> Task details
From the records below, pull each line that has "black".

Short text fragments from websites
"""

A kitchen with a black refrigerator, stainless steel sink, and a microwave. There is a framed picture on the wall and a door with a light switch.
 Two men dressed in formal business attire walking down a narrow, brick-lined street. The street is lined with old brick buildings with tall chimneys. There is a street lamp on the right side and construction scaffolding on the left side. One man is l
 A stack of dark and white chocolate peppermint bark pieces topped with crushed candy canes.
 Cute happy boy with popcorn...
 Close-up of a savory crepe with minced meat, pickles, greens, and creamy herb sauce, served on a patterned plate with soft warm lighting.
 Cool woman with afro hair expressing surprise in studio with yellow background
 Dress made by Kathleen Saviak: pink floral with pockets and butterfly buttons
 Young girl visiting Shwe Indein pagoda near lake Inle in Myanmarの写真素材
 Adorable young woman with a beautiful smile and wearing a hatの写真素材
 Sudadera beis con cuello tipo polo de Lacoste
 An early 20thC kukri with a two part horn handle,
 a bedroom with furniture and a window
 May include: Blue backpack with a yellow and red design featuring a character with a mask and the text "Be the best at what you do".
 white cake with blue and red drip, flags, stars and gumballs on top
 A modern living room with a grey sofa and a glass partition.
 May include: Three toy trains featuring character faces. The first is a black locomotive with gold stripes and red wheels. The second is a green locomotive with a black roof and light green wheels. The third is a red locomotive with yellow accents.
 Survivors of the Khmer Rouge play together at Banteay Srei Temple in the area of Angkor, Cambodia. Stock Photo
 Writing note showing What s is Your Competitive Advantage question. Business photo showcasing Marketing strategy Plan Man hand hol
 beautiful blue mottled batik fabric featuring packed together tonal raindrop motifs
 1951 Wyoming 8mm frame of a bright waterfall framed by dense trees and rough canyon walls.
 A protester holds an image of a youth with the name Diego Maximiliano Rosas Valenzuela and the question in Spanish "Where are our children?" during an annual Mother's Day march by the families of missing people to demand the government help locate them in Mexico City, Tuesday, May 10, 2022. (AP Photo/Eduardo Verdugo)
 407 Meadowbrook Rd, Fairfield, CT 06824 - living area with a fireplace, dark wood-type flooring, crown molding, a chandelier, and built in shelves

"""

> Answer to this task
A kitchen with a black refrigerator, stainless steel sink, and a microwave. There is a framed picture on the wall and a door with a light switch.
 May include: Three toy trains featuring character faces. The first is a black locomotive with gold stripes and red wheels. The second is a green locomotive with a black roof and light green wheels. The third is a red locomotive with yellow accents.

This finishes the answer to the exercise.